Patients and Methods: 6 Turkish patients (5F, 1M) born to 5 consanguineous pedigrees with severe GHD were identified. All females had POI; the male had normal puberty. All had severe postnatal growth retardation (height -4.4 to -8.9 SDS at presentation) with clinical GHD, low normal prolactin concentrations (0.2-4.6ng/ml), undetectable basal IGF-I and IGFBP-3, and absent GH responses to provocation. Brain MRI showed anterior pituitary hypoplasia. Serum FSH was elevated in the eldest girl (FSH 24.8U/L, LH 0.7U/L) at age 8 years. Spontaneous puberty ensued at age 14 years (FSH 86.6U/L, LH 32.1U/L), but arrested at Tanner stage 3 with undetectable oestrogen. The other four affected females had elevated gonadotropins from age 3 years. Pelvic ultrasonography/MRI showed a small uterus along with small/undetectable ovaries in all girls. We performed whole exome sequencing (WES) on 6 affected patients and one unaffected parent. Expression of Rnpc3/RNPC3 was analysed by in situ hybridization on murine/human embryonic sections. RT-PCR was used to test splicing efficiency. Crispr/Cas9 was used to generate mice carrying the p.L483F mutation in the conserved murine Rnpc3 RRM2 domain.

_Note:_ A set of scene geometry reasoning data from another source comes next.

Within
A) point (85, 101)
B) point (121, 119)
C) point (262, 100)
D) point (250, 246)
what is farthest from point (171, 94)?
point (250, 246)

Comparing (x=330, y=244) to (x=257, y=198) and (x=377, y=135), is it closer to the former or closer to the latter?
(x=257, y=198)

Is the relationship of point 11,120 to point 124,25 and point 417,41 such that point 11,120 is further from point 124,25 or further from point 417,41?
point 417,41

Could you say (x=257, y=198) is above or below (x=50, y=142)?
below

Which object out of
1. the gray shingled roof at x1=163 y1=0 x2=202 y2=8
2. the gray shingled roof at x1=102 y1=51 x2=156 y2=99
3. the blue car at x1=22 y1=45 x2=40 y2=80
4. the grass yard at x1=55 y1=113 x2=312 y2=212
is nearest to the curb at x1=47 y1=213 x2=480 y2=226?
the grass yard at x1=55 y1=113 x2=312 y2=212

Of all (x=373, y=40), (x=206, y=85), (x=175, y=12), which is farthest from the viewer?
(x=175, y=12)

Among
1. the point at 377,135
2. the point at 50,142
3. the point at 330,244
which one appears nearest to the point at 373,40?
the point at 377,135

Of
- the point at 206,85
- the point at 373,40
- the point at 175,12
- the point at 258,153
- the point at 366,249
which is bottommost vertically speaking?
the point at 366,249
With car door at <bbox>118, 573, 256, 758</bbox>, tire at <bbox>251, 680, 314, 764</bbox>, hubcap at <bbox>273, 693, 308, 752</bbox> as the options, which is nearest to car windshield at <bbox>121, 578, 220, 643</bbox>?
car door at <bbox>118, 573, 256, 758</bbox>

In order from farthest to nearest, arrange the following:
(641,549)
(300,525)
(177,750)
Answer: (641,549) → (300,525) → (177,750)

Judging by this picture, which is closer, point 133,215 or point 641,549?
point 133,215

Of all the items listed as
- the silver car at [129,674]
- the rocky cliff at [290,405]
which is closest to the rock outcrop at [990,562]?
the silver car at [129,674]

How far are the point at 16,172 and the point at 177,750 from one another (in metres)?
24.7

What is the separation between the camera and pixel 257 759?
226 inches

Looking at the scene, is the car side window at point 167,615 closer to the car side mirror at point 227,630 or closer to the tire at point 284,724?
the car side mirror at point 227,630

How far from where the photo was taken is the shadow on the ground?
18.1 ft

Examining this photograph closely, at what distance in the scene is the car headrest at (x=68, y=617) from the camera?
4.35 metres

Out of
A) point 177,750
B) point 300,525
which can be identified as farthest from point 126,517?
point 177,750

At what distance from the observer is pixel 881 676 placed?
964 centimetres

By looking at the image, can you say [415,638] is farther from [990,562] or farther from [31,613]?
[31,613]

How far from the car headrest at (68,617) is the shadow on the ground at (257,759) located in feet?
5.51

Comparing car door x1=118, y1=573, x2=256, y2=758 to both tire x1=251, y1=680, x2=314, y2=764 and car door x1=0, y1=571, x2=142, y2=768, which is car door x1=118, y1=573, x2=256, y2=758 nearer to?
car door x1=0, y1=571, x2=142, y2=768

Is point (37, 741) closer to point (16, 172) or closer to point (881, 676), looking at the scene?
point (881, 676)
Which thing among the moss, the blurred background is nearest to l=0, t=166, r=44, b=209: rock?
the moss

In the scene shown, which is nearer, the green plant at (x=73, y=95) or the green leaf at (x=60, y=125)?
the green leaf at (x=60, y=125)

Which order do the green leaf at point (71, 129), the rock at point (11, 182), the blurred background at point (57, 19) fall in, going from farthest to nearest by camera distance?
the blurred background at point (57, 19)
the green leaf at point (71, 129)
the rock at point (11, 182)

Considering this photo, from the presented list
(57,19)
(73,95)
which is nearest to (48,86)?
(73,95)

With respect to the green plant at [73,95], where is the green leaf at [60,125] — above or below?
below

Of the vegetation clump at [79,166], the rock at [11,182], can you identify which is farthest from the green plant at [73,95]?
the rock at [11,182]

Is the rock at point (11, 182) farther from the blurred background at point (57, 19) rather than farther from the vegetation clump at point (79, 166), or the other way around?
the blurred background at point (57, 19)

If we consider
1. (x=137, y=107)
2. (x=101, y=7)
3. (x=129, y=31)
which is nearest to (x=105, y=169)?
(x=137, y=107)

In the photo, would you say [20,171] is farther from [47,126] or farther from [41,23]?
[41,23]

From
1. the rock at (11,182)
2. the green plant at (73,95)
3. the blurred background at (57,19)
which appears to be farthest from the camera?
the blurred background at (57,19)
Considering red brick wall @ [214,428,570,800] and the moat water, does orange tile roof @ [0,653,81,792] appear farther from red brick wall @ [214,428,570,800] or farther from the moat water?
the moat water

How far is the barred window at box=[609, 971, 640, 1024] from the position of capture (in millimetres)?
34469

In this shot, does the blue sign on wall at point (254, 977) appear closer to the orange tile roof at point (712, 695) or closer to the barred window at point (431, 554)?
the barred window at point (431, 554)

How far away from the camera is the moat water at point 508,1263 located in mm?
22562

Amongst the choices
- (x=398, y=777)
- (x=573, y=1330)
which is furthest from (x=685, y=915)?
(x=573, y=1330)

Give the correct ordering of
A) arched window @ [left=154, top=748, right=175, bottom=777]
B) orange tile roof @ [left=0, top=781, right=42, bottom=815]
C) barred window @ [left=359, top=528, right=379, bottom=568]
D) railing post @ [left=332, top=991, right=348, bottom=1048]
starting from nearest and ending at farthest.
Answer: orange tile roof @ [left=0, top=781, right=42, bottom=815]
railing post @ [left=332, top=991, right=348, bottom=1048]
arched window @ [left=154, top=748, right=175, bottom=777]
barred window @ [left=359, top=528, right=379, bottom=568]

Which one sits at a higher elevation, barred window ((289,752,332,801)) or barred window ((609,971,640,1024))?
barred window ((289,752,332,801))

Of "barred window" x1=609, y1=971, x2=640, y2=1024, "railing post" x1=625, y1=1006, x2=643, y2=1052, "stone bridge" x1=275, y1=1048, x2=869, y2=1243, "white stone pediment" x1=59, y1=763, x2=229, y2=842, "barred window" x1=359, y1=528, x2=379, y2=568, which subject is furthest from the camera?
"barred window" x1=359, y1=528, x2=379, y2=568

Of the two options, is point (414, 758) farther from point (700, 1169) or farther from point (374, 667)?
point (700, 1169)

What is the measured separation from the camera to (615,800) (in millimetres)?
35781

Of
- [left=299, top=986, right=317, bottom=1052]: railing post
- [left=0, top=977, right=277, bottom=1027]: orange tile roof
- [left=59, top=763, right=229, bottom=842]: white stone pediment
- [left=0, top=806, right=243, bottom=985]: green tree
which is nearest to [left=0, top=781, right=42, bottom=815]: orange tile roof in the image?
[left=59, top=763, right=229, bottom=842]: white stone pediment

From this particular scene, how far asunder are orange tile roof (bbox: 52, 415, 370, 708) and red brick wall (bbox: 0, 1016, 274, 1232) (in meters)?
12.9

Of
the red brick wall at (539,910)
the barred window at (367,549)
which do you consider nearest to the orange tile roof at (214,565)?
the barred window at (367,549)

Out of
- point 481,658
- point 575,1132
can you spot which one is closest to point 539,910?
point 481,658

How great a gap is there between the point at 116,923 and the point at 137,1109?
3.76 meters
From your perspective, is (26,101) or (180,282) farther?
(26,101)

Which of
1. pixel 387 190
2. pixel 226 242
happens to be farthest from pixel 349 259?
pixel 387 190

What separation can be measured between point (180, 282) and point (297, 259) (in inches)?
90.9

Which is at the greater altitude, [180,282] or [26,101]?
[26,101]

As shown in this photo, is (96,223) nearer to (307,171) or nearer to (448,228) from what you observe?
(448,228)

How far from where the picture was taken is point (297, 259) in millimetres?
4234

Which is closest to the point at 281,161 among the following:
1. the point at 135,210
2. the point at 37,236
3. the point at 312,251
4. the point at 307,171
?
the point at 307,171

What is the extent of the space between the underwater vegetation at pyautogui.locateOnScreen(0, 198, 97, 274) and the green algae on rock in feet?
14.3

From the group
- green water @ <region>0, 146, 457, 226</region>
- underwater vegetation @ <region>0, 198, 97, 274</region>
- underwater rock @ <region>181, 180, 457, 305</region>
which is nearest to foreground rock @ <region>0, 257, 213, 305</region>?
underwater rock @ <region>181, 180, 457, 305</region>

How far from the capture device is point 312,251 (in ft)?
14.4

Results: All affected patients present a novel homozygous missense variant (p.L483F) in RNPC3 (unaffected father heterozygous). RNPC3 encodes a 65K protein component of the U12-type spliceosome and required for U11/U12 small nuclear ribonucleoprotein (snRNP) formation and U12-type introns splicing. RNPC3 mutations were previously described in isolated GHD patients (Argente J et al., Embo Mol Med 2014). Abnormal U12 intron processing of preprohormone convertases SPCS2 and SPCS3 and actin-related ARPC5L genes (GH dysfunction candidates) and NUP107 (female-specific gonadal dysgenesis candidate) was observed in patient fibroblasts compared to controls. In both mouse and human, Rnpc3/RNPC3 was expressed in the telencephalon, diencephalon, trigeminal ganglia, hypothalamus and Rathke's pouch. Female homozygous mutant mice displayed a 20% reduction in pituitary GH content (P=0.016). Histological examination of sexually mature ovaries revealed no abnormalities.

Conclusion: A novel homozygous missense mutation (p.L483F) in RNPC3 was associated with GHD in humans and mice. Female human patients also present ovarian dysgenesis, in keeping with elevated FSH concentrations in previous patients (1). Our findings provide novel insights into the role of RNPC3 in ovarian function and emphasize a critical role of minor spliceosome in the processing of genes required for pituitary and ovarian development and function.